3. Infine, quando il processo pensante “va da un punto all’altro tracciando una linea”, abbiamo
la meditazione: compiamo un percorso che “media” vari contenuti del pensiero collegandoli
tra di loro. I queste tre qualifiche date da Omero a Penelope, nell’esperienza stessa delle
parole greche, sono espressi i tre modi fondamentali di pensare6”.

4
Pietro Archiati, op.cit., p.42.
5
Qui sicuramente l’autore voleva intendere “avere il pensare”.
6
Pietro Archiati, op.cit., pp. 53-54.
Itaca
Ithàke, teca dell’io.

“…cioè il corpo fisico quale scrigno dello spirito umano individuale.
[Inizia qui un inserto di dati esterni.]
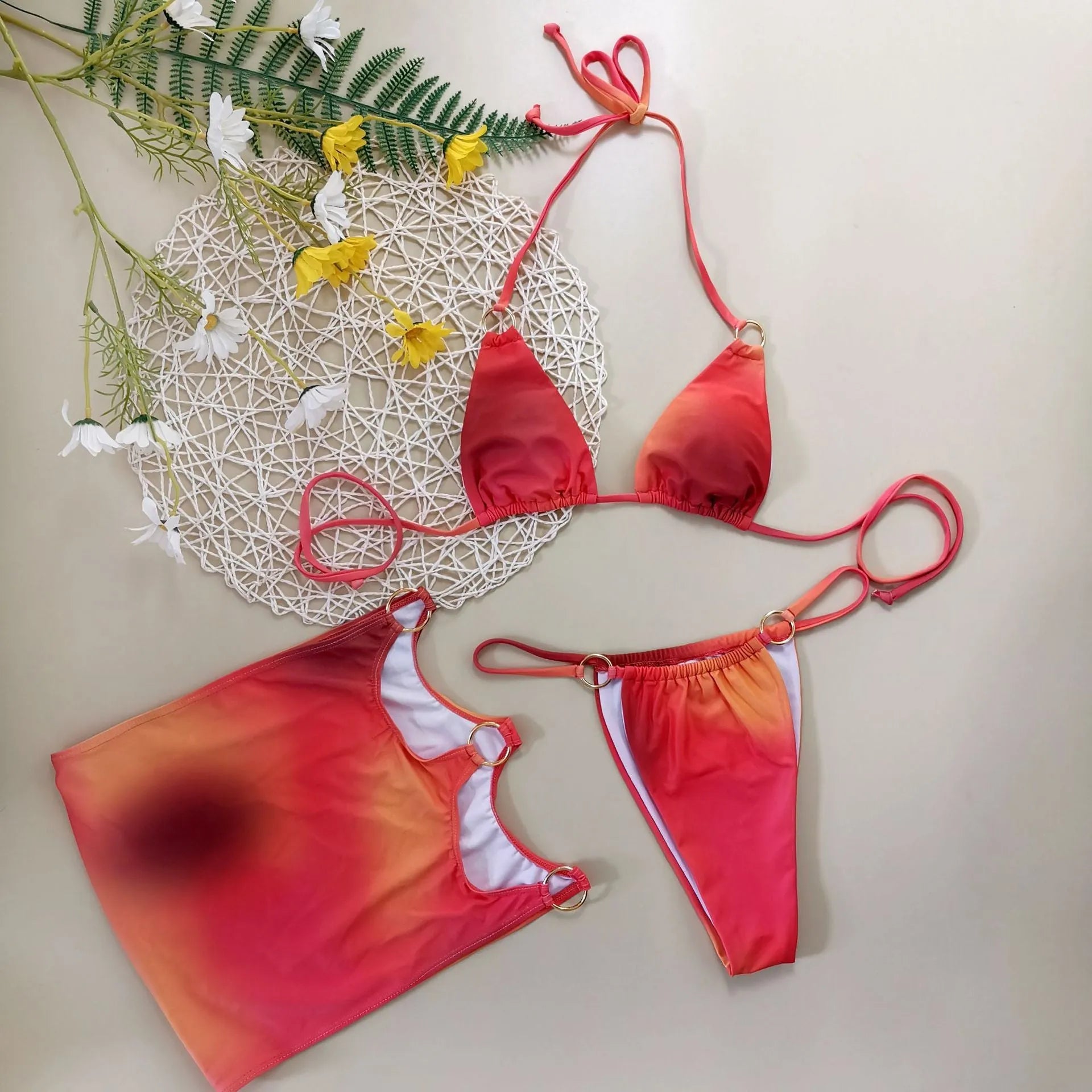 Women's tie-dye gradient halter bikini three-piece swimwear set showing top, pants and skirt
La vocale I esprime , e non
solo nella lingua greca, l’esperienza oggettiva del raggio di luce dell’Io in posizione eretta. Di
esempi ne potremmo addurre molti: ìdios, il singolo; ìos , la freccia, ìos, uno; ìstemi, sto in
posizione eretta, mi ergo; istos, albero maestro; iscus, forza che oppone resistenza. […..] Itaca non è
in primo luogo una data isola del Mediterraneo, ma è il corpo umano, nel quale ciascuno di noi si
isola, appunto, da tutti gli altri esseri. É la patria dell’uomo che abita il suo corpo come spirito
individuale. Non più l’umanità, non più la stirpe, non più il popolo sono i miei confini, si dice
l’uomo Ulisse, ma il mio corpo: lì approdo alla patria dell’uomo chiamata Itaca, o teca dell’Io7.”

Telemaco
A riprova dell’ipotesi che i personaggi più importanti siano soltanto manifestazioni simboliche
riguardanti il protagonista e la sua dimensione interiore è per esempio l’origine del nome
Telèmachos: che combatte lontano. Il nome del figlio di Ulisse cela un significato ch’è palesemente
riferito al padre. Cosa ancora più interessante e che nei primi quattro libri tutto è incentrato sulla
figura di questo giovane, che ha circa ventuno anni, l’età della prima maturità, aiutato d’Atena sotto
le spoglie di Mentore, suo precettore, si mette in viaggio alla ricerca del padre. Proviamo adesso per
un attimo a rovesciare il punto di vista ed evocare il nome di Telemaco dal cuore di Ulisse. Egli è
sicuramente consapevole che suo figlio starà combattendo lontano contro qualche nemico vista la
sua assenza. Si può osare adducendo a Telemaco una dimensione spirituale alta dell’individuo, che
racchiude in sé anche la sfera della fanciullezza e della gioventù le quali ad un certo punto della vita
di ogni uomo come se risorgendo si mettessero in viaggio alla ricerca di questo padre interiore in
ognuno di noi? Questo padre interiore forse anche per combattere la dimensione più ombrosa,
istintiva, irrazionale dell’uomo, rappresentata dai proci, che tallonano l’anima, Penelope,
chiedendole la fine di una tela, un sudario che deve fare da giaciglio per una figura paterna al
tramonto, che non potrà mai essere degna di chiamarsi tale tant’è che sempre viene sciolta?
Telemaco potrebbe rappresentare, soprattutto in questo momento storico, quella gioventù odierna
che dopo essere stata erede della destrutturazione e detronizzazione dei padri dalle loro figure
autoritarie negli anni settanta e ottanta del secolo scorso, dopo essere stata erede della eccessiva
amicalità dei padri negli anni novanta e duemila ora desidera e necessita di padri accoglienti ma
anche arginanti, autorevoli e non autoritari che rappresentino le regole e aiutino a crescere più
armonicamente in concertazione con la figura materna?

7 Pietro Archiati, op.cit., p. 43-44.